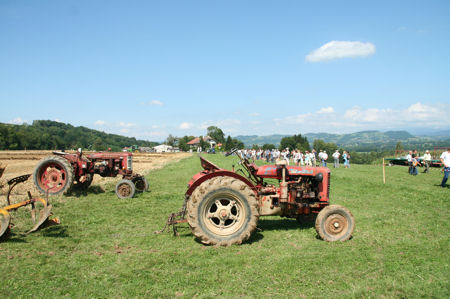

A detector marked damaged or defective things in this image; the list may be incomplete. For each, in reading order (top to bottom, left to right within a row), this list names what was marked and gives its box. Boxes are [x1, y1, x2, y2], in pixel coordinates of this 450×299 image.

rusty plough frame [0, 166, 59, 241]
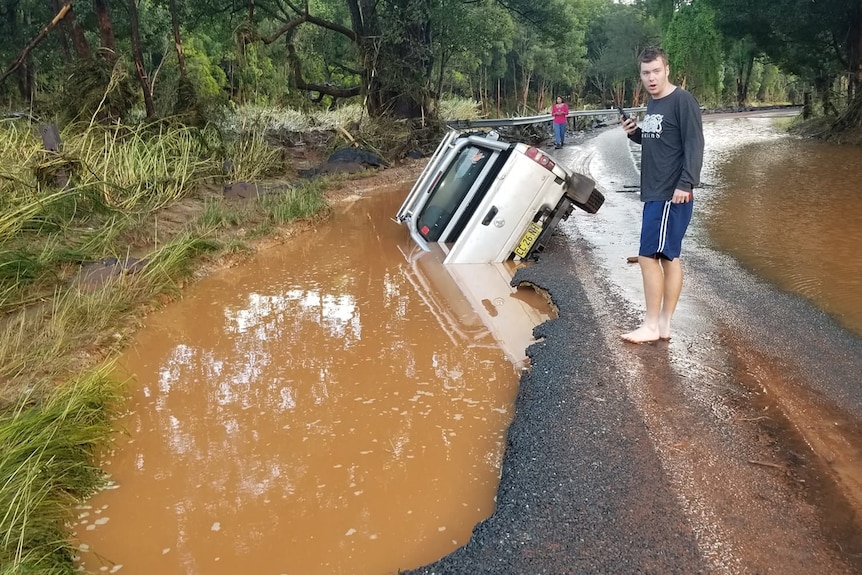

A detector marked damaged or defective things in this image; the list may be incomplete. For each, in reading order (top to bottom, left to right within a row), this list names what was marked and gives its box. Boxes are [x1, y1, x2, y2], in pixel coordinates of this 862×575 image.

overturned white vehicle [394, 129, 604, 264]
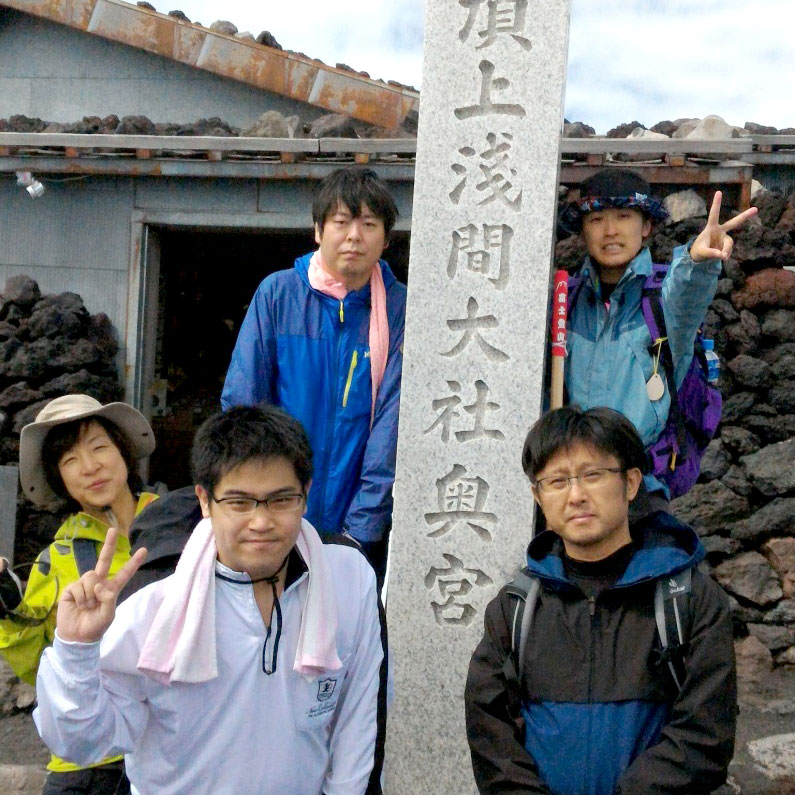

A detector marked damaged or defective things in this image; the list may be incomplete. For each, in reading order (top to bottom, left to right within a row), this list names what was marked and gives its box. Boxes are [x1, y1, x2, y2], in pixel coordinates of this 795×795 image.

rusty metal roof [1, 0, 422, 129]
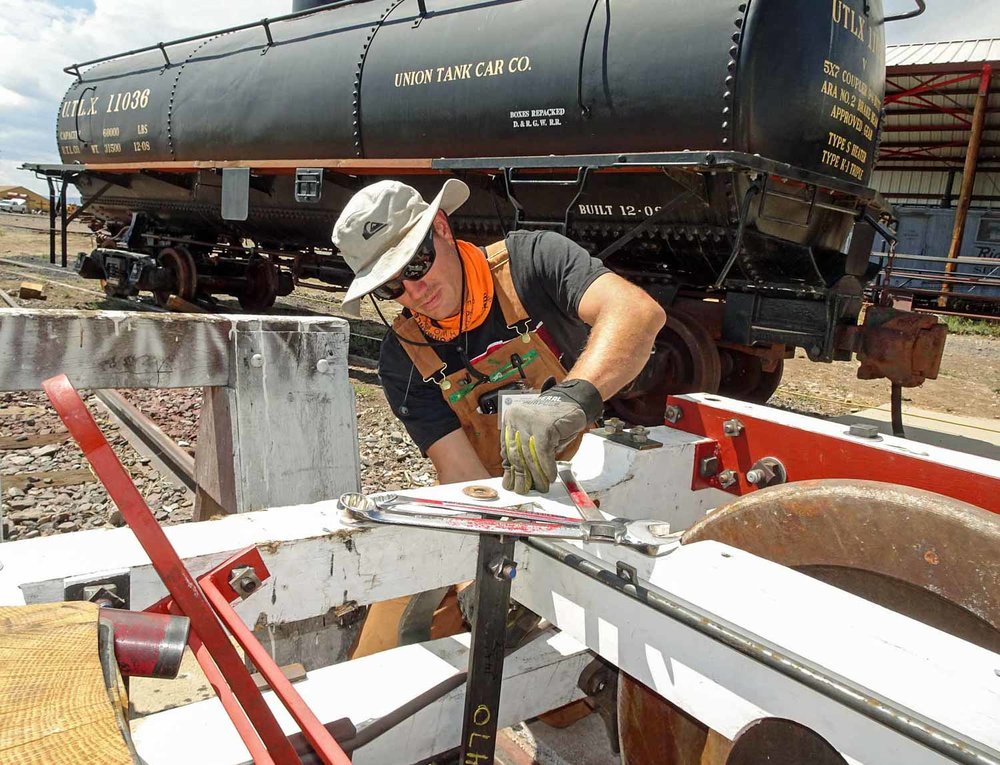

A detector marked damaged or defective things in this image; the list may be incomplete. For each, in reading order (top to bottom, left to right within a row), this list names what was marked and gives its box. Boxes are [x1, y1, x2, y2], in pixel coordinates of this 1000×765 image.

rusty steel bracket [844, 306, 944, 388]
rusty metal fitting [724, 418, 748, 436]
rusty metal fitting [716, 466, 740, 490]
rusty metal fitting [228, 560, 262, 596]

──────────────────────────────

The range to copy runs from the line with "this 795×795 image." to the last line of the entries, both included; copy it exactly and leave out the pictures.

## Task solution
A detector marked damaged or defective things in this image; the list may be incomplete. For each, in reading order (top to bottom, left to right within a row), this list names what was marked and gives its box. Boxes are [x1, y1, x2, y2], in pixel coordinates of this 795×795 image.

rusty metal roof [1, 0, 422, 129]

A detector marked damaged or defective things in this image; the list may be incomplete. For each, in reading order (top to bottom, left to right within a row), this list names what was marked and gives its box. Boxes are [x1, y1, x2, y2], in pixel coordinates of this 1000×765 image.

rusty steel bracket [844, 306, 944, 388]
rusty metal fitting [724, 418, 748, 436]
rusty metal fitting [716, 466, 740, 490]
rusty metal fitting [228, 560, 262, 596]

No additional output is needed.